Led by Rutgers University’s Wireless Information Network Laboratory (WINLAB), the study describes how fine-grained channel state information (CSI) from off-the-shelf WiFi is used to first detect what material an object in a bag is made of. This CSI, which includes amplitude and phase information, is then used to calculate the dimensions of the item, whether that be the volume of liquid or the size of a metal object. According to the researchers, the low-cost system requires a WiFi device with two to three antennas and can be integrated into existing WiFi networks.
"This could have a great impact in protecting the public from dangerous objects," said Yingying (Jennifer) Chen, study co-author and a professor in the Department of Electrical and Computer Engineering in Rutgers-New Brunswick's School of Engineering. "There's a growing need for that now."
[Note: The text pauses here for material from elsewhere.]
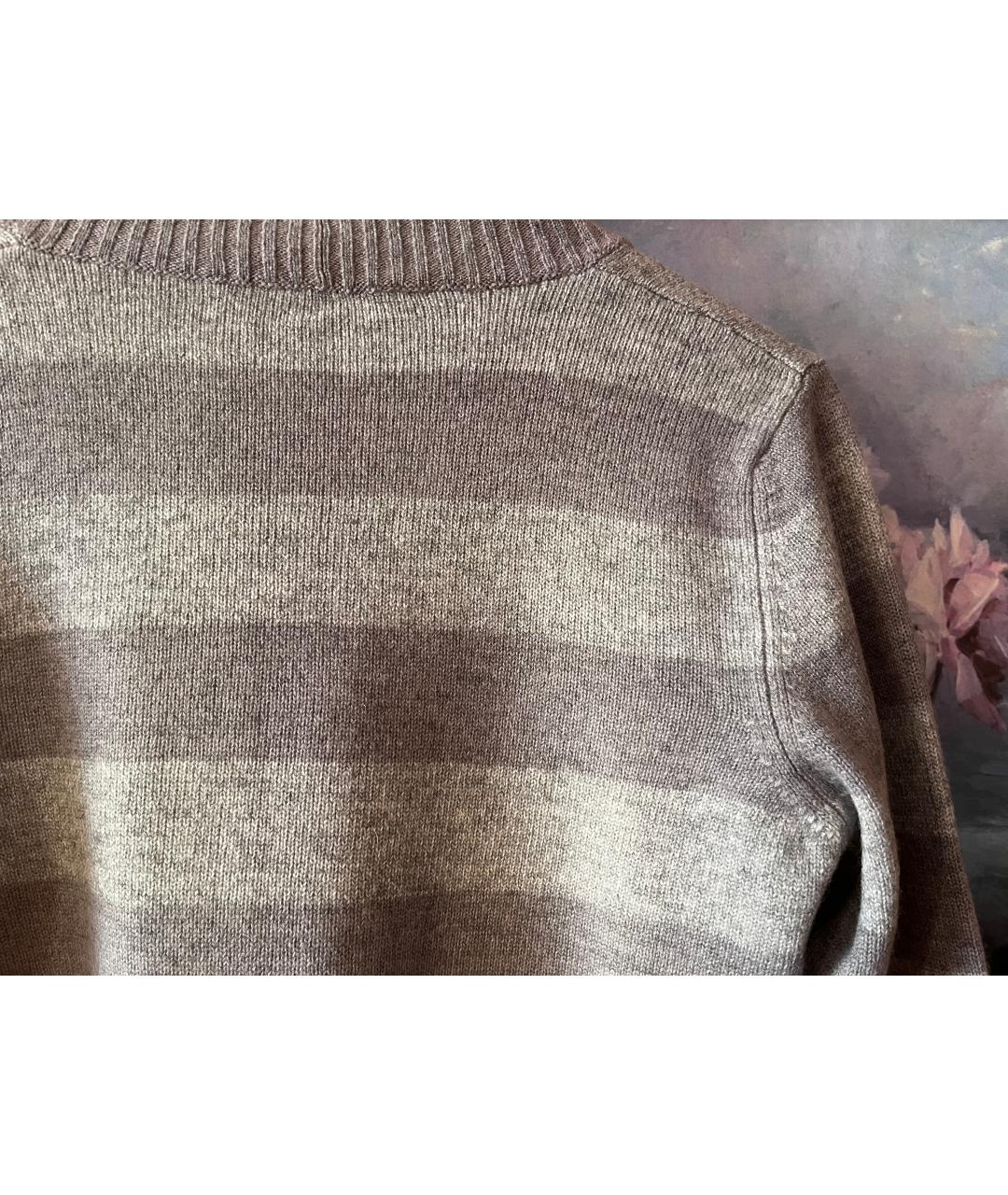 FABIANA FILIPPI Серый шерстяной кардиган, фото 5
The team, which also included engineers from Indiana University-Purdue University Indianapolis (IUPUI) and Binghamton University, carried out experiments with 15 types of objects and six different types of bags. According to the paper which supports the work, the system achieved detection accuracy rates of 99 per cent for dangerous objects, 98 per cent for metal and 95 per cent for liquid. For typical backpacks, the accuracy rate exceeded 95 per cent but dropped to about 90 per cent when objects inside bags were wrapped. In comparison to screening at airports that requires special equipment and lots of manpower, the system is non-invasive and could be used to scan bags at museums, stadiums and schools.
"In large public areas, it's hard to set up expensive screening infrastructure like what's in airports," said Chen. "Manpower is always needed to check bags and we wanted to develop a complementary method to try to reduce manpower."
The research recently received a best paper award at the 2018 IEEE Conference on Communications and Network Security, which took place in Beijing.